The Assemblies of God’s Annual Church Ministries Report for 2005 shows we have 315,000 people between the ages of 13 and 17 in our 12,298 U.S. Assemblies of God churches.

Clearly, the future of our Movement — should Jesus tarry — lies with our young people.

How many of them will be serving the Lord 10 years from now? While we can never know the future, we can look at history to give us an idea of what tomorrow will look like.

In the March 2006 issue of Christianity Today (pp. 80f.), Dr. Steve Henderson, president of Christian Consulting for Colleges and Ministries, reports on his research and that of other scholars regarding evangelical students who enter nonevangelical public and private colleges and universities. The studies predict that at least half and possibly more than two-thirds of our young people will step away from the Christian faith while attending a non-Christian college or university.

However, the falling away percentage of students attending an evangelical school stands at about 5 percent — a vast difference from the faith rejection rate of those attending public and private non-Christian colleges and universities.

Apply this data to the Assemblies of God.
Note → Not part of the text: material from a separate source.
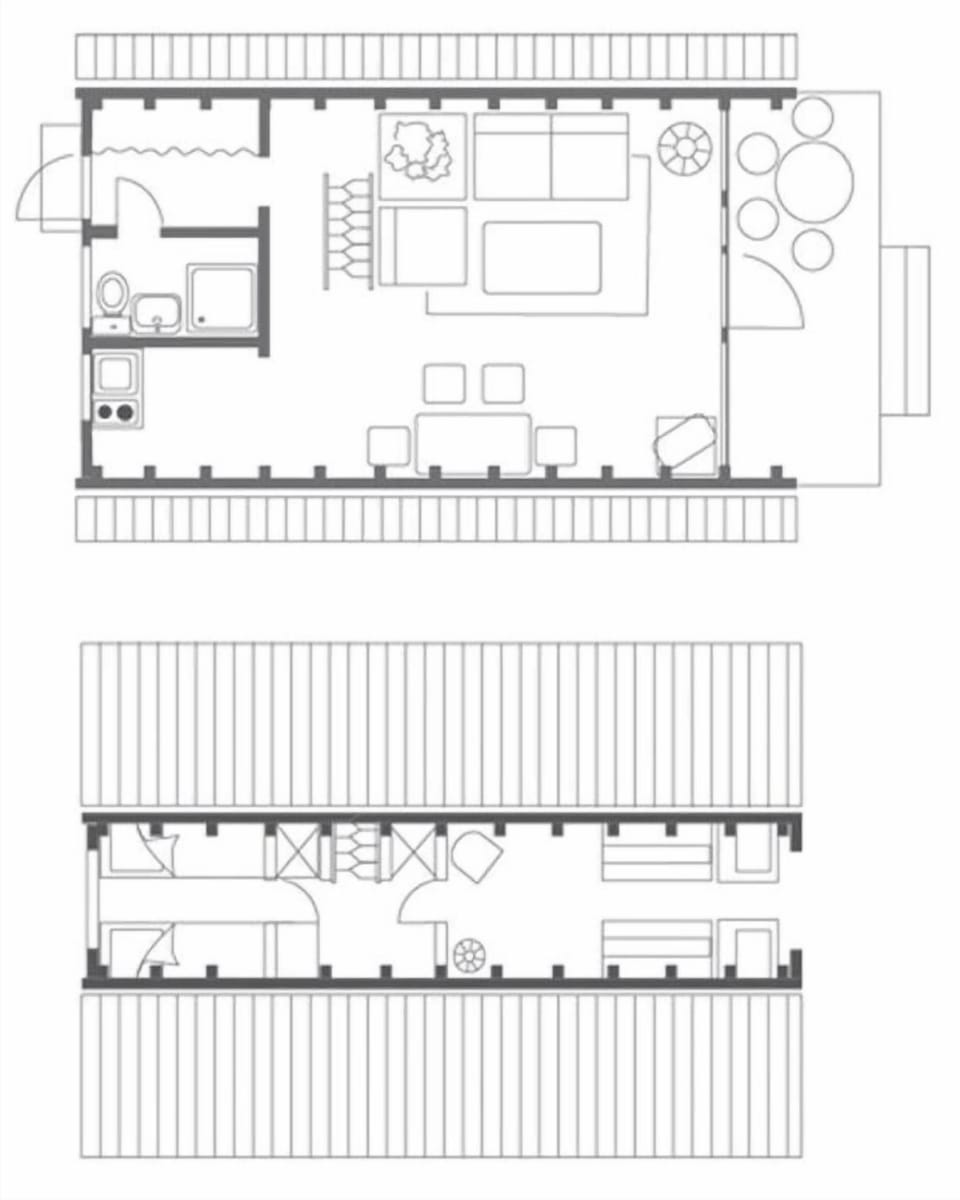 Ground plan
Where will our 315,000 Assemblies of God young people be 10 years from now?

• 315,000 Assemblies of God people from ages 13 to 17 will graduate from high school within the next five years.
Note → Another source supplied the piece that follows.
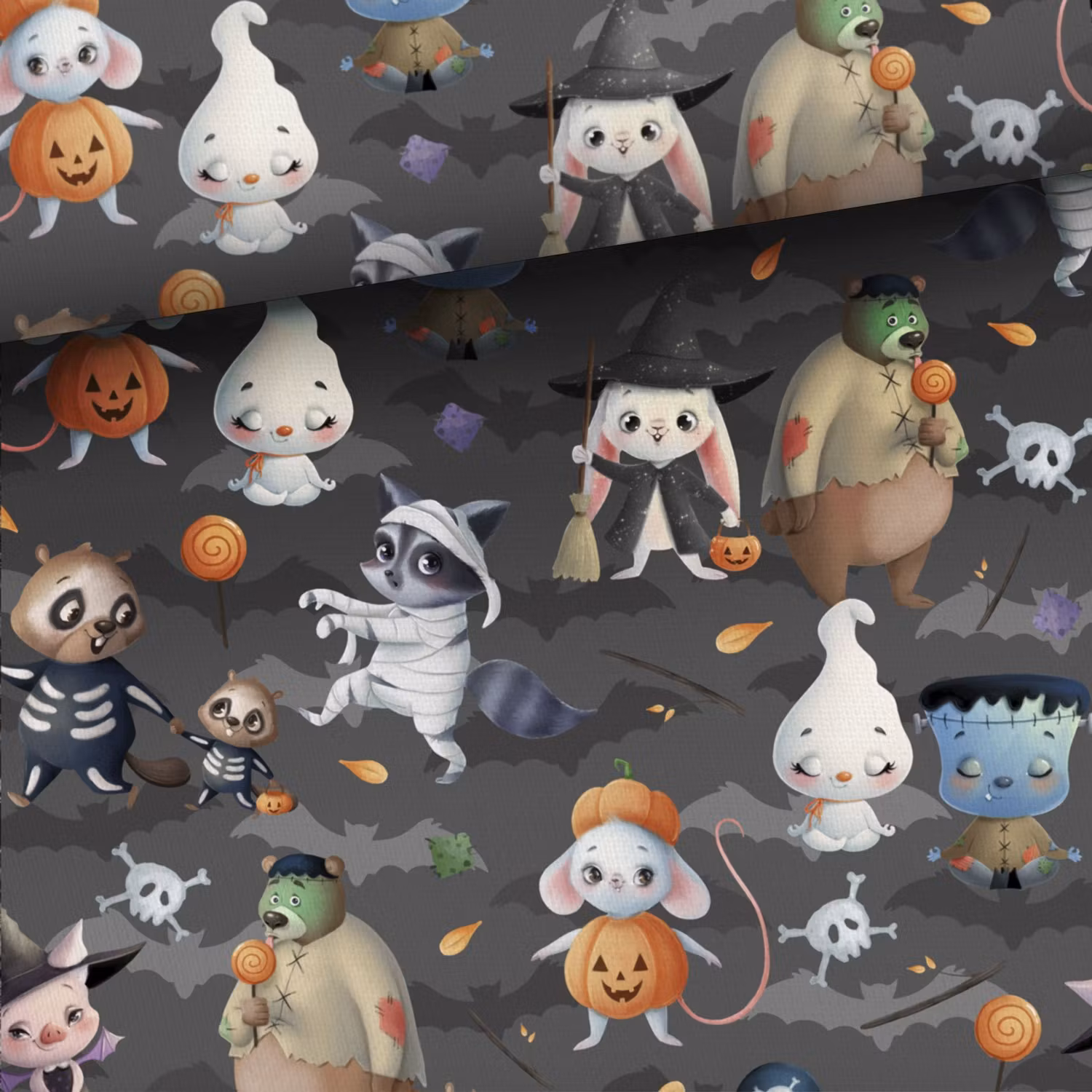 Halloweentyger - Happy Hobby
• 105,000 of the 315,000 will choose not to go to college or university.

• 210,000 of the 315,000 (two-thirds) will enter one of the 4,000 colleges or universities in the United States.

• 31,500 of the 210,000 (15 percent) will enter one of the 102 schools belonging to the Coalition of Christian Colleges and Universities (an evangelical association for higher education in which many of our Assemblies of God colleges and universities hold membership).

• 178,500 of the 210,000 (85 percent) will enter a public or private non-Christian university.

• About 10,500 (5 percent of the 210,000 college bound) of our Assemblies of God youth will enter an Assemblies of God school of higher education.

• 199,500 of the 210,000 of our young people who enter college will not enroll in an Assemblies of God school of higher education (178,500 in non-Christian schools and 21,000 in a non-Assemblies of God, but evangelical school).

If Henderson and other researchers prove correct, between 89,250 (50 percent) and 140,000 (66.7 percent) of the 178,000 Assemblies of God young people who attend a non-Christian public or private university will have left the faith four years after entering college.

On the other hand, if these studies’ findings continue as a trend, only 5 percent of our Assemblies of God young people who enter an Assemblies of God college or university will have left the faith by the end of their college experience.

These statistics raise some deeply troubling questions, one of which is this: “Would we rather lose 5 percent or between one-half to two-thirds of the college-bound young people presently in our youth groups?”

These statistics make the strongest case possible for encouraging our young people to attend one of the 19 endorsed postsecondary institutes, colleges and universities of the Assemblies of God and marshaling our pastors and churches to stand behind our schools with significant levels of support and prayer.

Let me be as blunt as possible. We are doing a great job evangelizing junior and senior high students. But once past high school, these kids are not only leaving our churches but also the faith … in droves.

One of our prominent laymen made this statement back in the 1950s before we had brought focus to higher education for those not entering the ministry: “I have supported my church for a long time and very generously; but the thing I would rather give to the church [my own children] than anything else was lost to the church because of their experience in higher education.”

A common misconception among us is that Chi Alpha is adequately reaching our Assemblies of God kids who go to non-Christian colleges and universities. Make no mistake; Chi Alpha is doing a fantastic job in both evangelism and discipleship.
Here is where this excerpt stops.